Eugene Bright

No. 87
- Position: Tight end

Personal information
- Born: April 18, 1985 (age 41) Bryn Mawr, Pennsylvania
- Listed height: 6 ft 4 in (1.93 m)
- Listed weight: 268 lb (122 kg)

Career information
- High school: Rosemont (PA) Harriton
- College: Purdue
- NFL draft: 2009: undrafted

Career history
- Philadelphia Eagles (2009)*; Pittsburgh Steelers (2009–2010)*;
- * Offseason or practice squad member only
- Stats at Pro Football Reference

= Eugene Bright =

American football player (born 1985)

Eugene Stanley Bright (born April 18, 1985) is an American former football tight end. He was signed by the Philadelphia Eagles as a street free agent in 2009. He played college football at Purdue.
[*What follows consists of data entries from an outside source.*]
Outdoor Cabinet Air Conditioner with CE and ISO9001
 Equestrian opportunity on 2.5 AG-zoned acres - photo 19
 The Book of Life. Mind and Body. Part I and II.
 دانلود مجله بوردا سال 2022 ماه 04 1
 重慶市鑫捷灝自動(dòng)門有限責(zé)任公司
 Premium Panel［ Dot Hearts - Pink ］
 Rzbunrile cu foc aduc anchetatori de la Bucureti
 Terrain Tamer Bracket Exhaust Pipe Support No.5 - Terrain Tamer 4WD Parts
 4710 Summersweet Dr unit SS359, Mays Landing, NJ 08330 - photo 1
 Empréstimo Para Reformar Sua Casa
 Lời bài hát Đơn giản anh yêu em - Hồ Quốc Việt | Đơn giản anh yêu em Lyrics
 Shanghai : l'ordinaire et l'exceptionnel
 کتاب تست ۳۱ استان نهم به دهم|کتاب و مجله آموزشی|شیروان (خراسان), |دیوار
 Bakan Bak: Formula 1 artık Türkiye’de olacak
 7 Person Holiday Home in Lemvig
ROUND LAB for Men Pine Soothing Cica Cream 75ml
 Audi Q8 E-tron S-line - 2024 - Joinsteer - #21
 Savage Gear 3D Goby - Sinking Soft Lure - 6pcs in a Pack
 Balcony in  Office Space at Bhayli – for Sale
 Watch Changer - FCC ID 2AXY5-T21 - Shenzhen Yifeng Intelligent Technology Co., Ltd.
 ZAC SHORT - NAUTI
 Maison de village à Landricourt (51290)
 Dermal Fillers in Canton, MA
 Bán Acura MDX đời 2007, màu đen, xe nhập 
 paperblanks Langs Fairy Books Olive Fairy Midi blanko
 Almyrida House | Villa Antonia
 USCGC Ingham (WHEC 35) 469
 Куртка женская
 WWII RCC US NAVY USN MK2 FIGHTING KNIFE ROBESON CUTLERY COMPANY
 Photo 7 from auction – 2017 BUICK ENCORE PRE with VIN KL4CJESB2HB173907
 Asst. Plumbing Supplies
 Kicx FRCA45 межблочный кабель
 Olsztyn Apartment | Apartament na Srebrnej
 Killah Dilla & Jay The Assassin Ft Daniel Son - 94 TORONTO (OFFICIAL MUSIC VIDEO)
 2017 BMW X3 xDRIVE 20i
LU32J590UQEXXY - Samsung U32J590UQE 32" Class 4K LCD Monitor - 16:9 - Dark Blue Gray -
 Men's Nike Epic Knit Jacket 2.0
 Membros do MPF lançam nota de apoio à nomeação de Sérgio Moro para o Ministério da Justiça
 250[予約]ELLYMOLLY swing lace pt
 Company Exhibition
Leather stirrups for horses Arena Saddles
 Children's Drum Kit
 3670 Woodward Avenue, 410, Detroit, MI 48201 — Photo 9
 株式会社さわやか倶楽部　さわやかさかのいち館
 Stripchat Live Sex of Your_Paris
He is the older brother of Callahan Bright.

==Professional career==

===Philadelphia Eagles===
After being undrafted in the 2008 NFL draft, Bright signed with the Philadelphia Eagles on April 23, 2009. He was waived on September 4, 2009.

===Pittsburgh Steelers===
Bright was signed to the Pittsburgh Steelers practice squad on November 2, 2009. He was signed to the active roster on January 6, 2010. After being released on September 4, 2010, he was again signed to the practice squad on September 6, 2010.